Jules and Elle dated for three years. They went to college in the same city, in the flagship city of the Midwest, both imagining their lives like movies. The people around them were, too. Where was the arc and excitement and development and risk in a long-term relationship, they wondered? Even if the only thing long-term about it was a 40-minute ride on the Red Line. The fucking L train.

They needed a change, so they broke up. This was before they realized their breakup would only result in them finding new people to fill similar roles, who would follow echoed arcs of happy-enough days and then boredom and frustration again. Neither of them caught on to the needlessness of the boredom because they really, actually hadn't seen enough of life for it to click yet. It never would.

So now they're arguing, with nothing reasonable left to say but enough to poke each other with for the fun of it.

"You know I didn't want to go up in flames but I think, I really do, that you wanted all this shit to happen," I said.

"You know what? After so many months where you weren't committed, like, really committed? Maybe I did. And maybe you just can't get it in your stupid, pretentious head that I deserve someone else who won't be so, fed, up with himself?"

"Go to hell, Jude."

There was a jolt in the crevice of Jude's head, right where a Matrix plug might go. Elle was erupting and he was seething, both at the thought that they were so very wrong about each other.

And then Jules was not here.


Twelve years before

but not long enough ago for Jules to add it to a trove of important, erased memories, he heard go to hell for the first time. Two of him were here now, and maybe that's how it always was. A young boy hearing a phrase that aged him and a young man saying a phrase that shrank his feet seven sizes.

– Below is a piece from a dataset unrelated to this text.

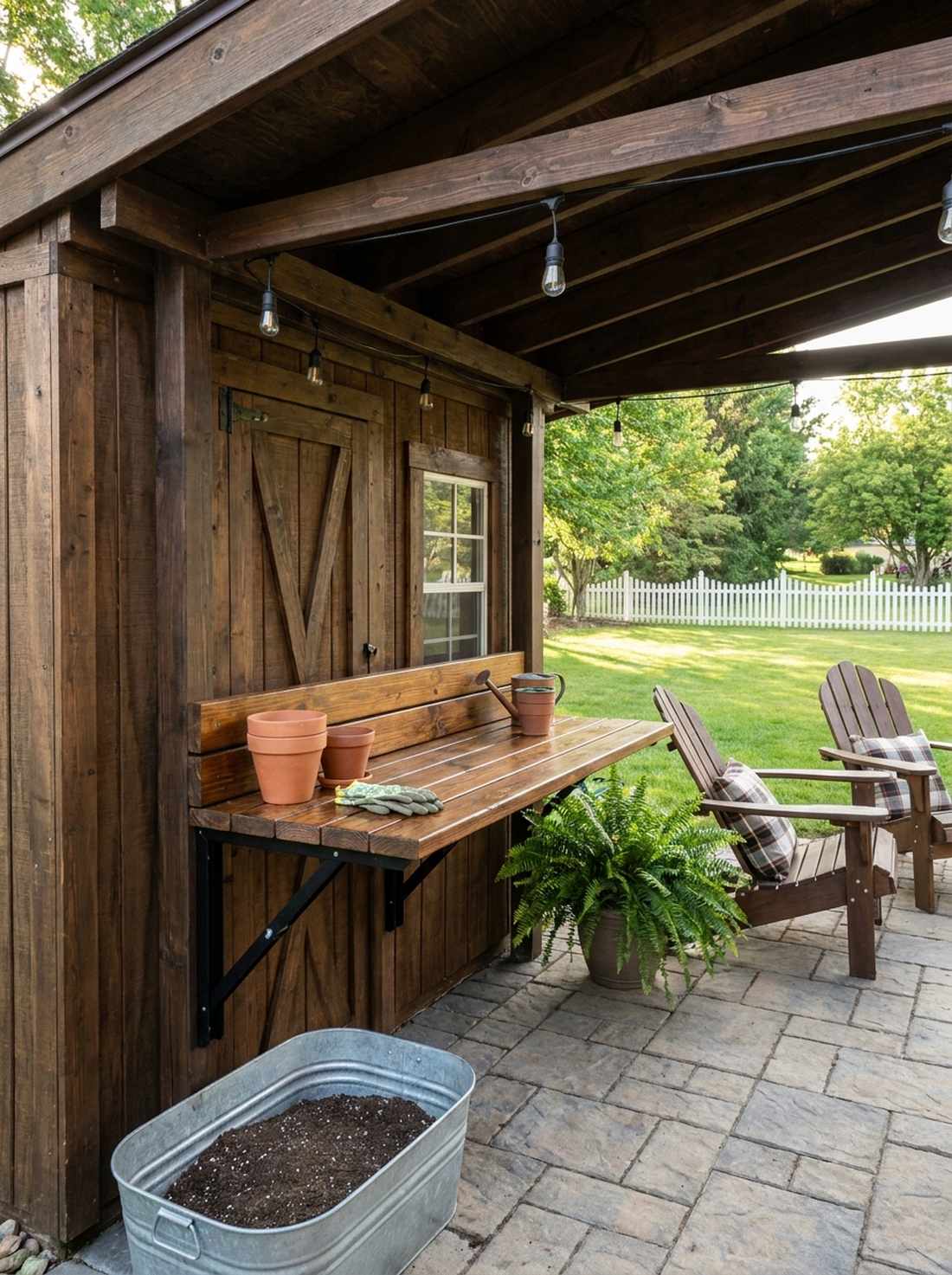 covered porch potting station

There was a kitchen and a man and a woman, and the man was his father, the woman was his aunt. They were yelling.

"You have TEN DAYS. Ten days. I'm done pretending that you've made them ready for this. Made either of those two ready for it," the aunt said.


"I can't lose you, but I'm going to. They can't lose you period. They'll be hurt forever by this. And you put them there. You put them there."

More silence, then footsteps.


Maybe it wasn't twelve full years

but it was damn close. The day changed in Jules's mind, and he's four days later than where he was before. Now he's under the long, wooden dining room table. It has curls at its feet that sort of act like vines, useful for hiding under and wiping stray tears onto.

Two voices now, neither of them his father's. But Jules can see three shadows in front of him.

"I wish I could tell you something else, sir. There's only so much you can leave. There's only so much that—only so much that you could've, I think,"

"SAY it. Say I didn't get it all done," the father said. "I know I didn't but I need to fucking hear it because—"


in the face, hard, across time — Jules is twenty-two again.

"You DO NOT say go to hell to me," Imani said. "There's a lot that you don't know, about what I've had to deal with, about what the fuck you've decided is more important than us. I think that you...too many times...I..."

Imani's voice was trailing off. He was falling...

Back to the floor in the dining room between uncomfortable chairs and

"because that's all I've been scared about. Not having it finished for both of them. Those beautiful, beautiful parts of her and me," the father said. "I can't be their monster. I have to be—"

"A dead fucking dad?"

That was a younger voice — a man's, a brother's.

Then silence.

A deep exhale and —

"Go to hell," from the voice of Jude's father.

And Jude could not tell how old he was, if he ever aged from that day and if he'd ever age again.